Updated 2014-11-27 17:38:42 by pooryorick

CMcC Two fundamental types in tcl core are Tcl_Obj and Command.

Both maintain some state, are refcounted, can be named and define some intrinsic operations.

Purposes:

The first element of a string to be evaluated must be a Command. The primary carrier of value is a Tcl_Obj.

Tcl_Obj's are arguments to and results from evaluation of Commands.

In short: Commands transform Tcl_Objs into Tcl_Objs.

Anatomy:

Tcl_Obj is typed, and provides the following operations:

  • Deletion - state is freed
  • Duplication - copy self's state to target
  • Serialization - update self's string representation
  • Mutation - transform state and type of object to this, or error.

Tcl_Obj provides for a string representation and an internal representation comprising storage for up to two pointers.

Command provides the following operations:

  • Deletion - free state and references to this Command
  • Evaluation - given a processing context and some arguments, produce a result.
  • Compilation - transform this command into a compiled form.
  • Tracing - invocation of Command may be traced.

Command provides state comprising: a binding, a list of namespace import references to this command, and most importantly: client state associated with the Deletion and Evaluation operations.

Similarities and Differences:

Both can be deleted.

Tcl_Obj can be duplicated, and can mutate some other value to itself, and itself to a string.

Command can be evaluated and compiled. Since a Command is inherently named, duplication makes no sense, because duplicating a (name,value) pair is always an identity. However, rename can be considered a similar kind of function, in that it creates identical state with a new binding.

Command doesn't have a string representation, doesn't provide a Serialisation operation. This makes sense, to some extent, because its state (comprising C functions) is not meaningful as strings.

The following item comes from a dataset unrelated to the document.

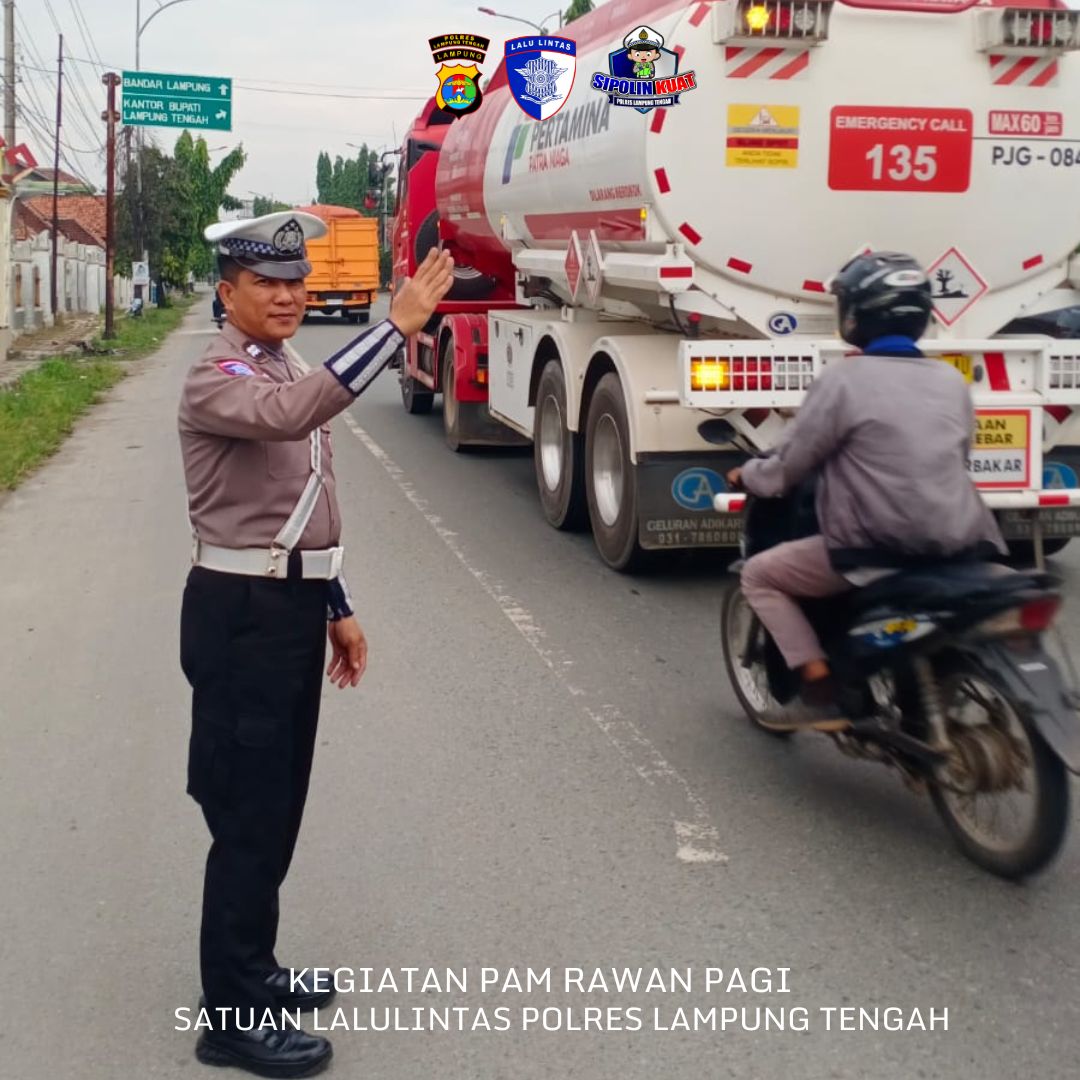 PAM RAWAN PAGI DI WILKUM POLRES LAMPUNG TENGAH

proc is the only way to transform a Tcl_Obj into a Command in vanilla tcl. itcl and xotcl provide other ways to generate Command from Tcl_Obj.

Unification:

Notwithstanding the differences between them: If a Command were represented as a Tcl_Obj, how would it look?

If we wanted to create a Tcl_ObjType which wrapped a Command, we would be trying to provide meaningful equivalence between the Tcl_Obj operations (Deletion, Duplication, Serialization, Mutation) and the Command operations (Deletion, Evaluation, Compilation)

  1. Deletion is directly analogous - a CommandObj would invoke Command's deletion function.
  2. Compilation is the transformation of internal state into ByteCode, essentially, so it is analogous to Tcl_Obj Serialization, except that not all Commands are able to be compiled, whereas all Tcl_Objs have a string representation.
  3. Duplication is similar to rename
  4. Mutation is similar to proc
  5. Evaluation has no direct equivalent, except that all Commands can be evaluated much as all Tcl_Obj can be serialized.

Evaluation and Serialization seem most closely analogous, in that All Commands can be Evaluated and All Tcl_Obj can be Serialized. It may be that a CommandObj would use Tcl_Obj Serialize to Evaluate.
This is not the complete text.